Rust library team thumbs through reorg playbook, calls for new members

Rust library team thumbs through reorg playbook, calls for new members

With the Rust project expanding, the programming language’s standard library team is trying a separation of concerns between public API design and their actual implementation. 

The change will see the Libs team owning just the public API of the standard library, while the Compiler team will take care of its implementation. The split is similar to the way the Rust language is handled, with the language team coming up with the language design and the compiler team owning the corresponding code. 

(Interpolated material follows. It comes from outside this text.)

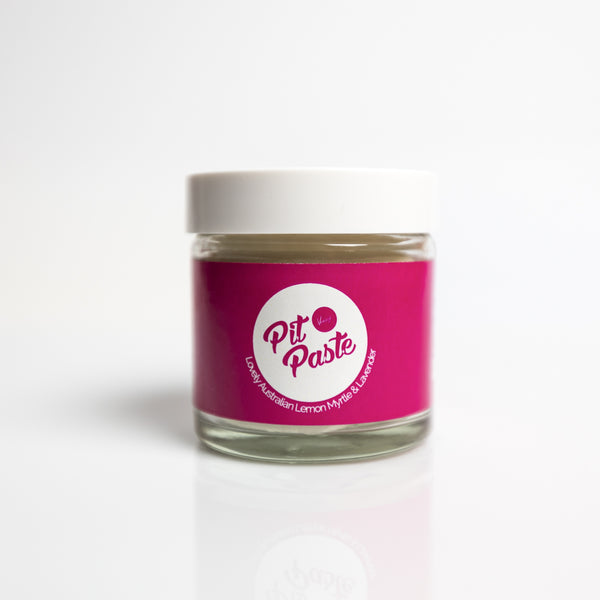 Lovely Pit Paste Deodorant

According to Libs team member Ashley Mannix, this is meant to “suit the interests of both teams to better support the needs of the standard library”. Currently, there is apparently “little room for development of the standard library itself”. This seems to be mostly down to the libs team spending a lot of time “supporting libraries in the wider Rust ecosystem and working to consolidate idioms into standard APIs”.

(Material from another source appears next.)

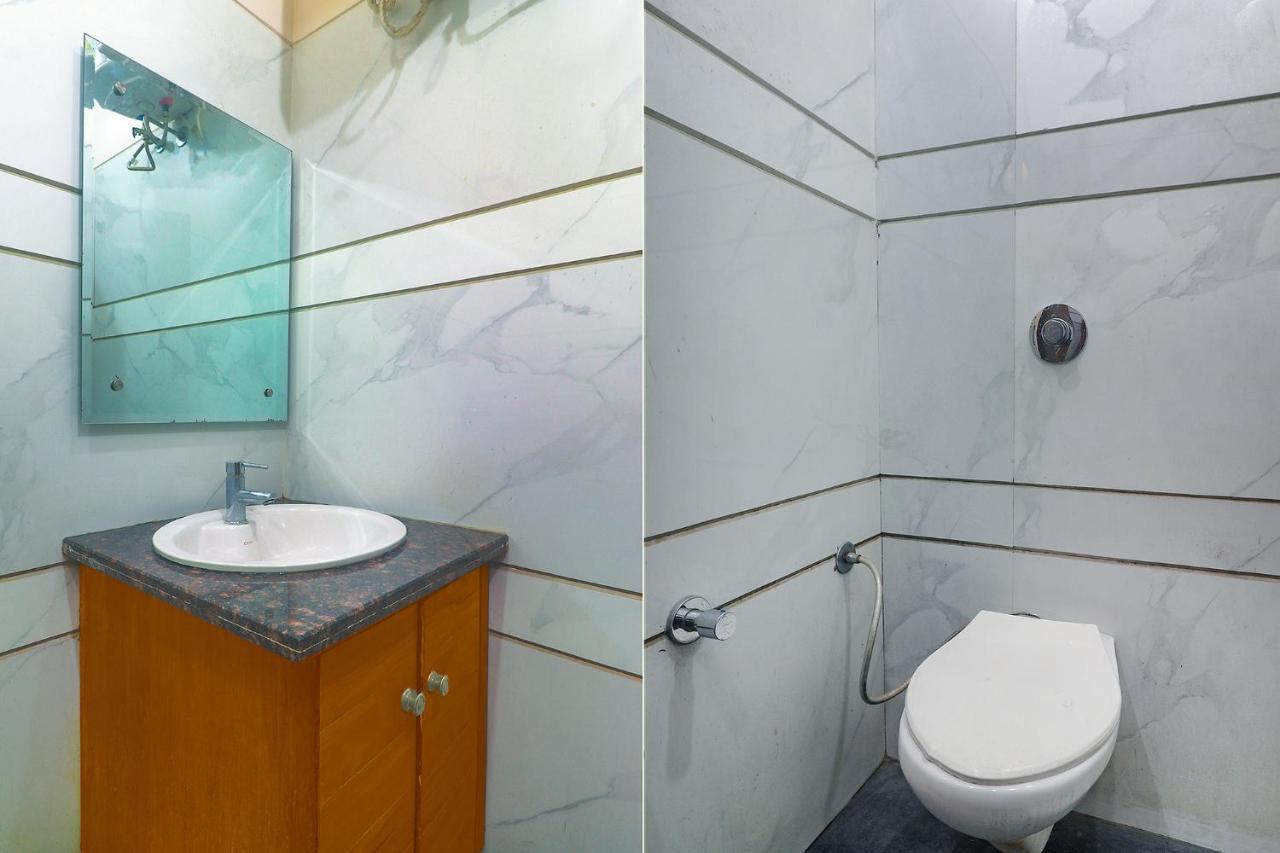 Fabhotel Kd Inn Amritsar Exterior foto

The compiler team has “years of experience” working on very specialised codebases like the one presented by the standard library, so handing it over should free up Libs a bit. Of course there will still be a lot of exchange necessary between the teams, since API design and implementation tend to go hand in hand, but the new separation of concerns will hopefully “make standard library activities more focused”.

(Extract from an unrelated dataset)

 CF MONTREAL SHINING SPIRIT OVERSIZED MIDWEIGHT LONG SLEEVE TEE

To make sure there’s enough capacity to move the library efforts forward beyond that, Mannix also called on the Rust community, asking devs interested in any of the two specialisations to get in touch. 

Lately the Mozilla-backed project seems to have had trouble getting new helpers on-board, which, for example, was one of the reasons the docs team was shuttered. Not only are volunteers hard to find, the last annual community survey also highlighted issues when it came to convincing more companies to use the language. Reasons identified for this ranged from Rust being seemingly hard to learn to a lack of user-friendly tooling.

If a more focussed approach can help the team gather additional contributors and free up time to tackle those issues, it may be the right decision. The potential pool of capable (or at least interested) hands shouldn’t be too small given that Rust is still a favourite amongst StackOverflow users, and is currently making headway in the Tiobe index.